Engineers are working on cognitive EW solutions to create jammers that can interpret radar signals and adapt quickly to keep aircraft hidden.
The future of jamming depends on how quickly systems can “learn," building on the existing level of information. Raytheon is creating a jammer with more robust algorithms that can deal with unexpected threats.
Raytheon, with decades of experience producing jammers, decoys and other electronic warfare products, is now building on such breakthroughs as its own gallium nitride-based circuitry, which can provide substantially more power in smaller packages than previous technologies.
The company has already made significant progress in developing the fundamental building blocks of a cognitive system. Engineers are rapidly creating techniques and developing innovative solutions to overcome agile radars and handle uncertain and noisy inputs.
Software capability has evolved to the point where systems can now address input signals that were not pre-programmed.
Artificial intelligence is on the horizon.
Jamming induces misdirection and deception, and it works well when you know what you’re facing. But modern radars have become smarter and can counter legacy jamming systems, making them less reliable.

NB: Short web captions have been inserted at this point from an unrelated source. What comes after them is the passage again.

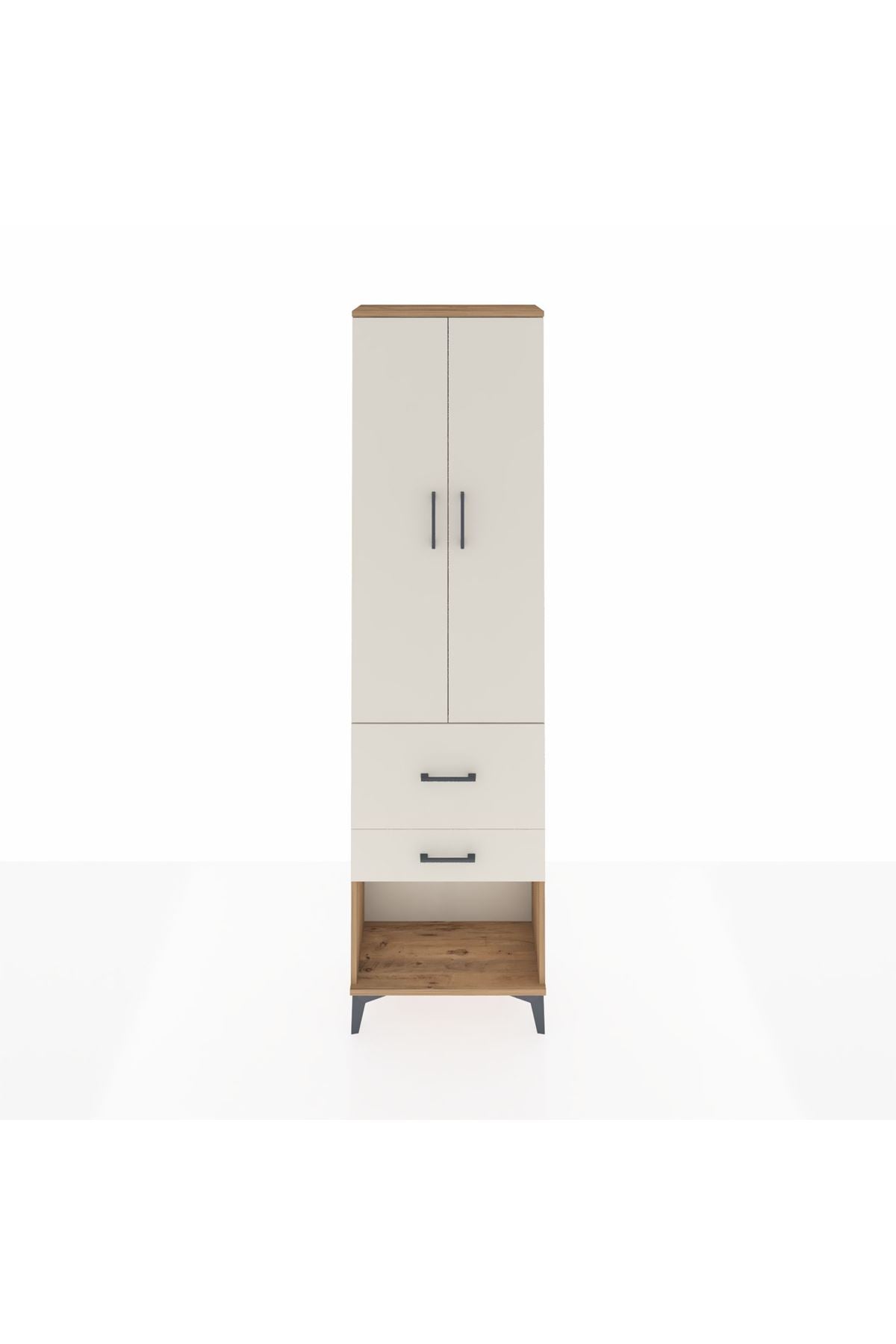 Arges Dolap 3 Raflı 2 Çekmeceli 2 Kapaklı 60x30x221 - S29M083V7A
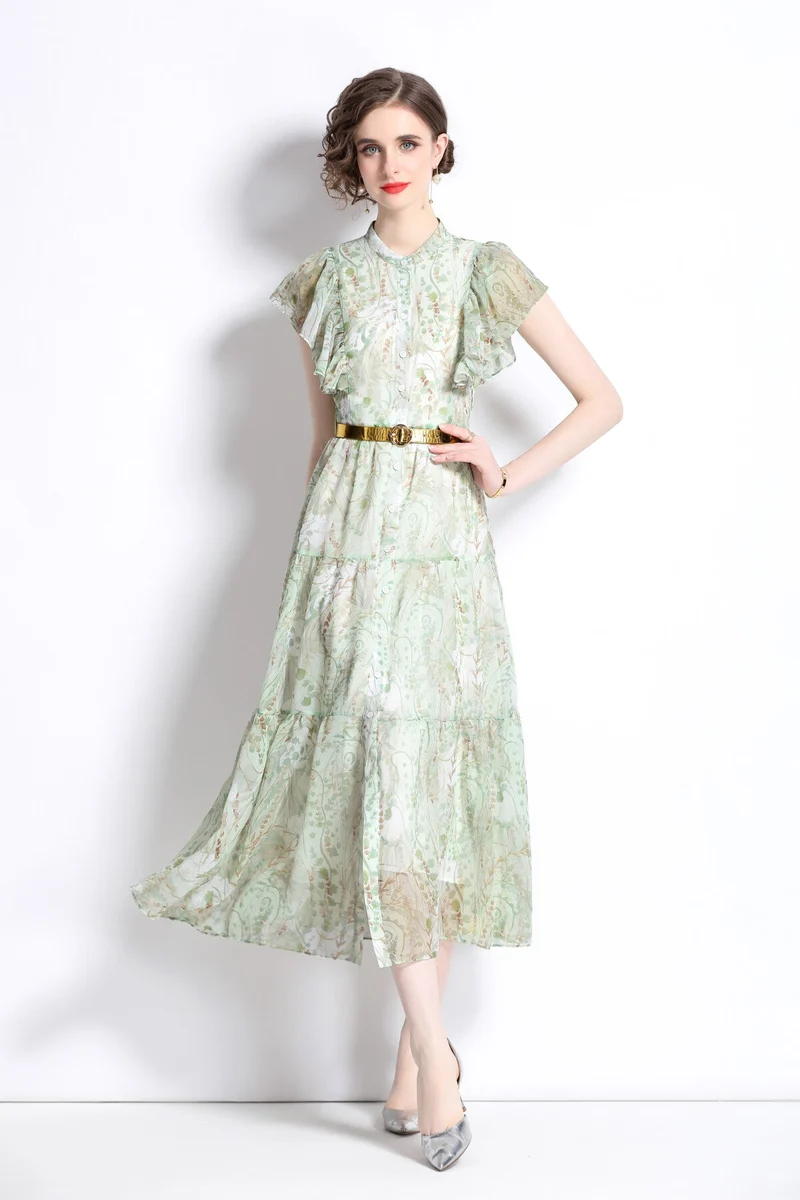 Ruffled Short Sleeve Belted Mint Green Midi Dress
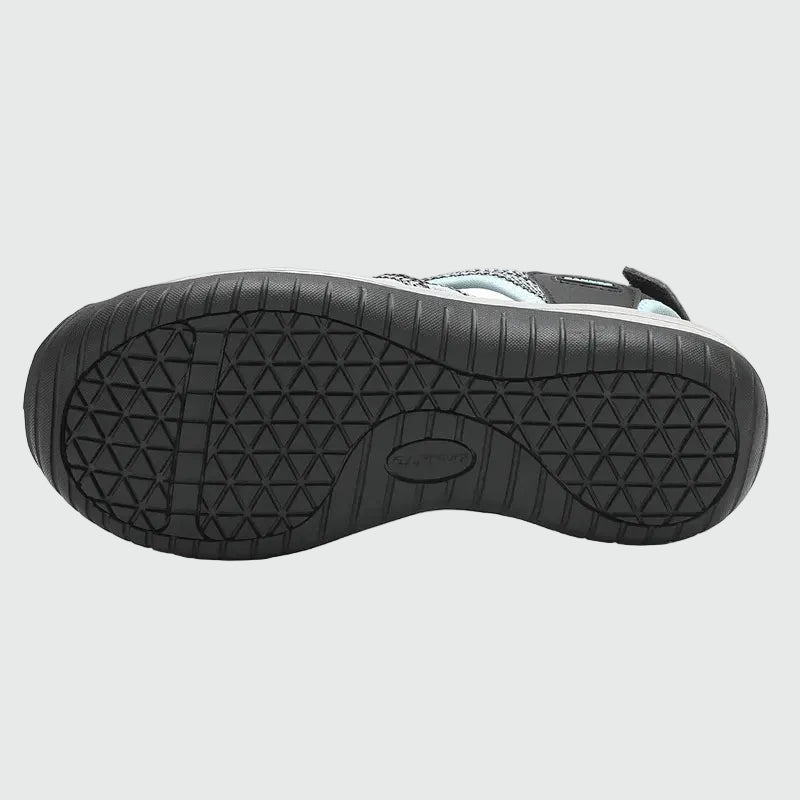 Dannto Damen-Wandersandalen mit geschlossener Zehenpartie S2 schwarz blau von unten dargestellt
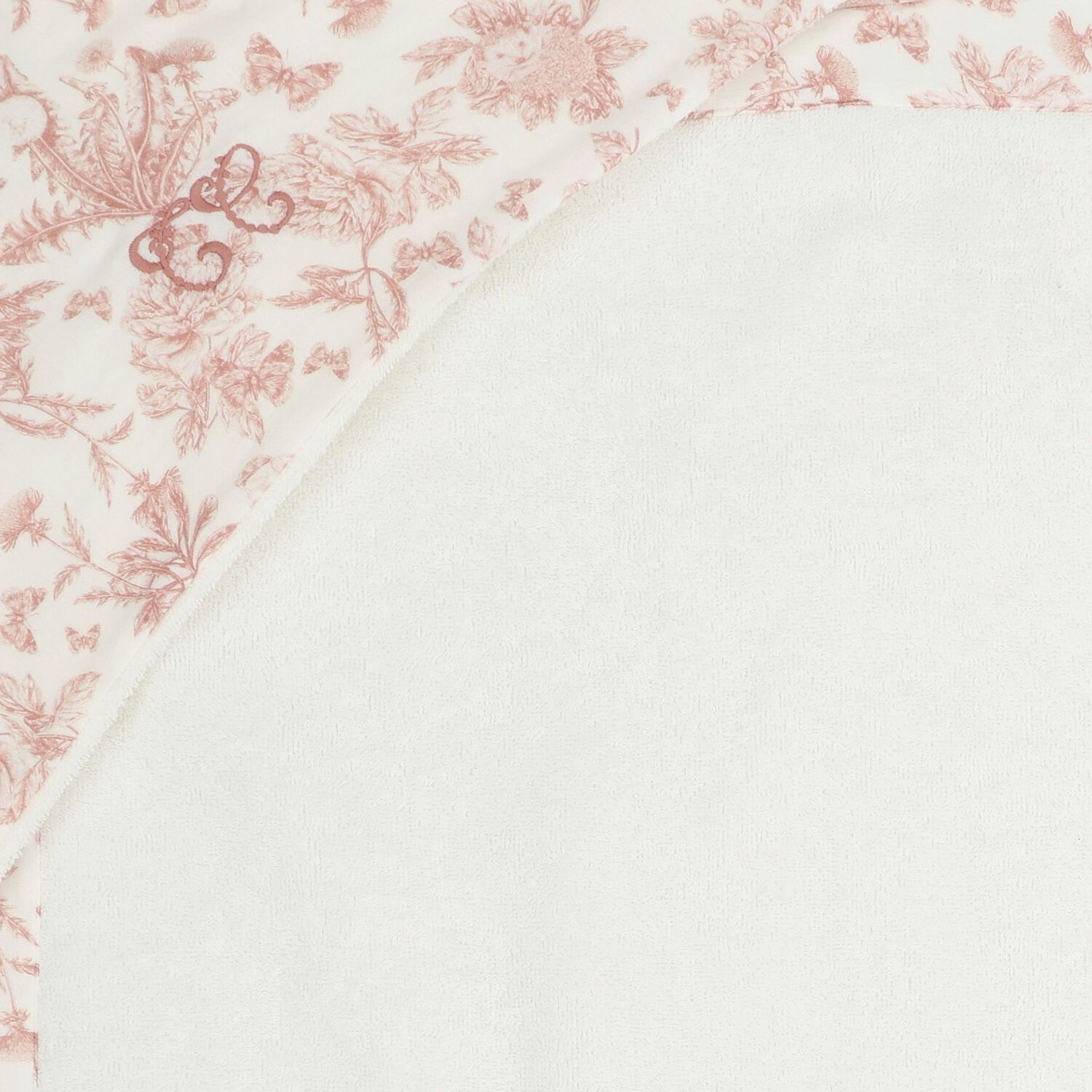 Baby Girls Ivory & Pink Toile De Jouy Hooded Towel, 3, hi-res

One of the tricks jammers play is to create a signal that deceives a radar as to the actual location it's coming from. However, sophisticated adversaries with advanced air defense systems can examine signals from different perspectives and determine whether they are likely to be false.
“We’ve got to put our long-term thinking cap on to stay ahead,” said Theisen. “The future is about spectrum manipulation, and the electronic tools that you need to defend or prosecute a mission.”